Danuglipron: Uses, Benefits & Research

What is Danuglipron?

Danuglipron (PF-06882961) is an orally bioavailable small-molecule GLP-1 receptor agonist developed by Pfizer. With a molecular weight of approximately 535 Da and molecular formula C26H32F3N5O5, it is fundamentally different from peptide-based GLP-1 drugs like semaglutide, liraglutide, and tirzepatide — it is a small molecule, not a peptide, enabling conventional oral tablet formulation without the absorption challenges that peptide drugs face.

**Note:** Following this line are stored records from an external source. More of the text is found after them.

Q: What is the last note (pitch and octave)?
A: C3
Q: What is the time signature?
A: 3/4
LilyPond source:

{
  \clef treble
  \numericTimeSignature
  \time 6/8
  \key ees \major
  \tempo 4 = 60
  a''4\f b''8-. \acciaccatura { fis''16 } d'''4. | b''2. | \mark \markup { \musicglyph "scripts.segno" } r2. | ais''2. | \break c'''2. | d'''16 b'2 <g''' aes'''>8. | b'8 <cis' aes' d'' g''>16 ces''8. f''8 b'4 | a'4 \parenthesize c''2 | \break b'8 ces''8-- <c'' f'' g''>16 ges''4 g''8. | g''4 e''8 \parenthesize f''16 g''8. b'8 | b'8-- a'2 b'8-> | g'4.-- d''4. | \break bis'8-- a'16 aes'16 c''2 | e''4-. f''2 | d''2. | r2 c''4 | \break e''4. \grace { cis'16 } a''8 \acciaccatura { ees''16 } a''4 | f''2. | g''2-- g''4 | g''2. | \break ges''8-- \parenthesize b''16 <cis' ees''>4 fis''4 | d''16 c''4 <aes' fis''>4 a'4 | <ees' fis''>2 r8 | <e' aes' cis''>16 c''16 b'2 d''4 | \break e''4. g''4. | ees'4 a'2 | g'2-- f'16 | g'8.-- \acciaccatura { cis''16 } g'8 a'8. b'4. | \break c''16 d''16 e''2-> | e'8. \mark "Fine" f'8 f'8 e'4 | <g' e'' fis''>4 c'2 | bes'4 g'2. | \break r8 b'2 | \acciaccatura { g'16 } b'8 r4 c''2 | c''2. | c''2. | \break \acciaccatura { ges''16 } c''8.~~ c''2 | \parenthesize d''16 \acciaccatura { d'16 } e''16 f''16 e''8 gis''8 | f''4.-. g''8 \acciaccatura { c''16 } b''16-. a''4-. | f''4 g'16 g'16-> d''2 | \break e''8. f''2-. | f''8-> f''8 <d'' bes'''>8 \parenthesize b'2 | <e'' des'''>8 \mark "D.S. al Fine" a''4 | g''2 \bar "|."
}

Danuglipron remains investigational with no FDA approval as of March 2026. Pfizer is transitioning from an earlier twice-daily formulation to a once-daily version designed to improve tolerability.

Mechanism of Action

Danuglipron activates the GLP-1 receptor (GLP-1R) with selectivity, mimicking the action of endogenous GLP-1 through four downstream effects:

• Glucose-dependent insulin secretion — stimulates pancreatic beta cells to release insulin only when blood glucose is elevated
• Glucagon suppression — reduces hepatic glucose output
• Gastric emptying delay — slows nutrient absorption, contributing to satiety
• Appetite reduction — central nervous system effects reduce food intake

As a small molecule, danuglipron achieves oral bioavailability through molecular design rather than the fatty acid conjugation or absorption enhancers required by peptide GLP-1 drugs. This enables conventional oral tablet manufacturing.

Clinical Evidence

Human Studies

• Phase 2b obesity trial (NCT04707313): 610 adults with BMI ≥30 (or ≥27 with comorbidity) randomized to multiple dose groups vs placebo for 32 weeks. Mean placebo-adjusted weight reductions of 8% to 13% at 32 weeks. GI adverse events were mild and consistent with GLP-1 class.
• Phase 2 T2D trial (NCT04034303): 411 adults with Type 2 diabetes showed significant improvements in glycemic control with concurrent weight reduction.
• Dose-optimization studies (NCT06567327, NCT06568731): Completed PK studies of once-daily formulation across 1,400+ participants. No observed increase in liver enzymes. Pfizer reported the formulation met objectives for “competitive efficacy and tolerability profile in Phase 3 testing.”

Preclinical

Danuglipron advanced to clinical trials based on in vitro GLP-1R binding studies and the novelty of the oral small-molecule approach. Detailed preclinical data has not been publicly cited.

Drug Interactions & Contraindications

No formal human drug interaction studies have been published. Theoretical interactions derive from the GLP-1 receptor agonist class:

• Oral medications: Delayed gastric emptying may affect absorption timing of concurrent oral drugs
• Insulin/sulfonylureas: Additive hypoglycemic risk — dose adjustment may be needed
• Oral contraceptives: Potential reduced absorption due to delayed gastric emptying

Contraindicated in patients with personal or family history of medullary thyroid carcinoma or MEN 2 (GLP-1 class precaution based on rodent data). No data for pregnancy or pediatric populations.

Safety & Side Effects

The safety profile is consistent with the GLP-1 receptor agonist class. Most common adverse events are gastrointestinal: nausea (dose-dependent), diarrhea, vomiting, constipation, and headache. No new safety signals emerged in Phase 2b testing. Notably, no liver enzyme elevations were observed across 1,400+ participants in dose-optimization studies.

The transition from twice-daily to once-daily formulation was driven by the earlier formulation’s higher GI adverse event rates. Theoretical class-effect risks include gastroparesis, pancreatitis, and thyroid C-cell tumors (seen in rodents, not confirmed in humans).

Honest Bottom Line

Danuglipron is a promising oral small-molecule GLP-1 receptor agonist that demonstrated meaningful weight loss (8-13% placebo-adjusted at 32 weeks) in Phase 2b trials. As an oral tablet rather than an injection, it addresses a significant barrier to GLP-1 therapy adoption. However, it remains investigational with no FDA approval, and its evidence base (~5-8 RCTs) is modest compared to established GLP-1 peptides. The once-daily reformulation may improve tolerability, but Phase 3 data and regulatory approval are needed. Patients seeking oral GLP-1 options should discuss approved alternatives with their providers while monitoring danuglipron’s development timeline.